Exercise details
What you write must match, character for character, the lines from the one with "Welcome to ASTRIII: A New Chapter Begins" down to the one with "Container sizes comparison" in the listing below, minus its pictures.

Exercise data
++++++++++++++++++++

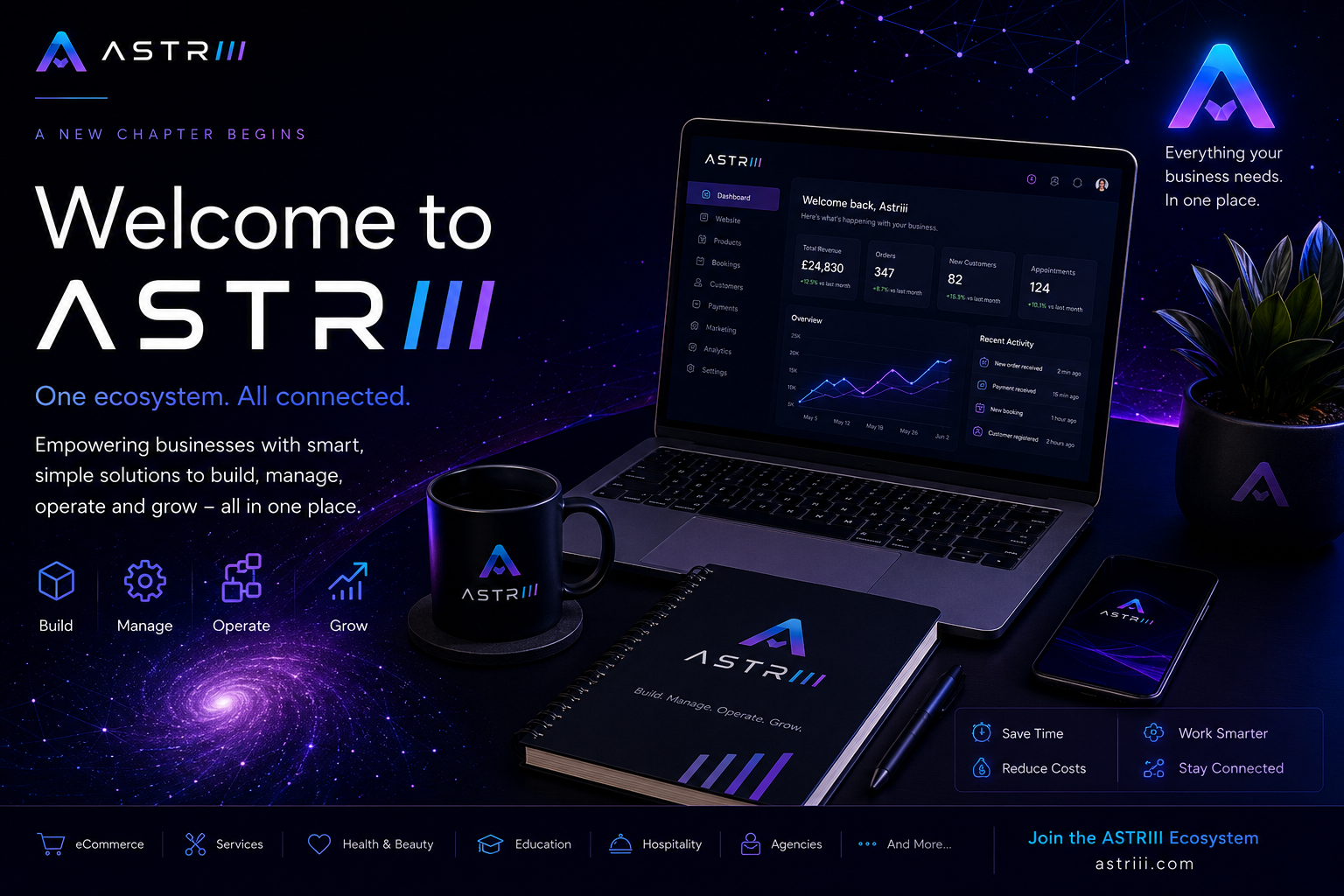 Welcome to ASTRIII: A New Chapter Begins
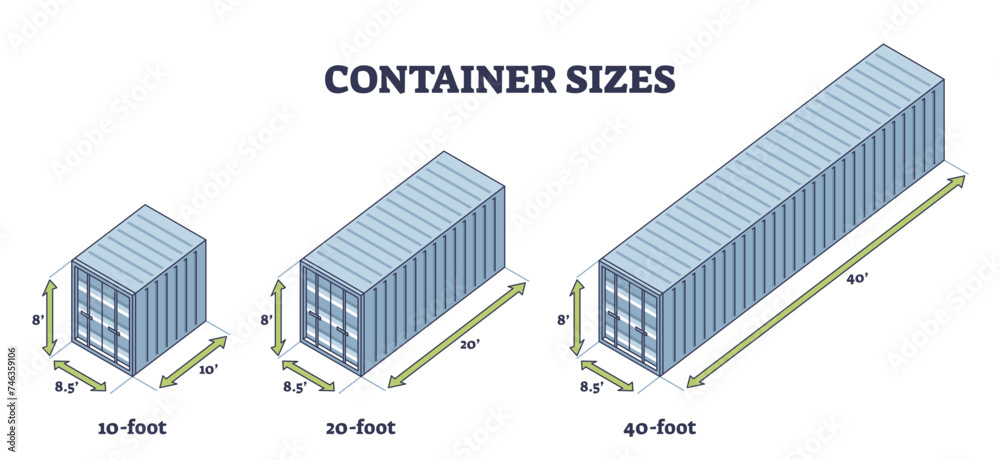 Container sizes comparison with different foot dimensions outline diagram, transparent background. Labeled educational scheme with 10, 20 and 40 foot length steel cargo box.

++++++++++++++++++++

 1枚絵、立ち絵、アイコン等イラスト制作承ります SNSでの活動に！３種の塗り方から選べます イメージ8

++++++++++++++++++++

Answer box
 Welcome to ASTRIII: A New Chapter Begins
 Container sizes comparison with different foot dimensions outline diagram, transparent background. Labeled educational scheme with 10, 20 and 40 foot length steel cargo box.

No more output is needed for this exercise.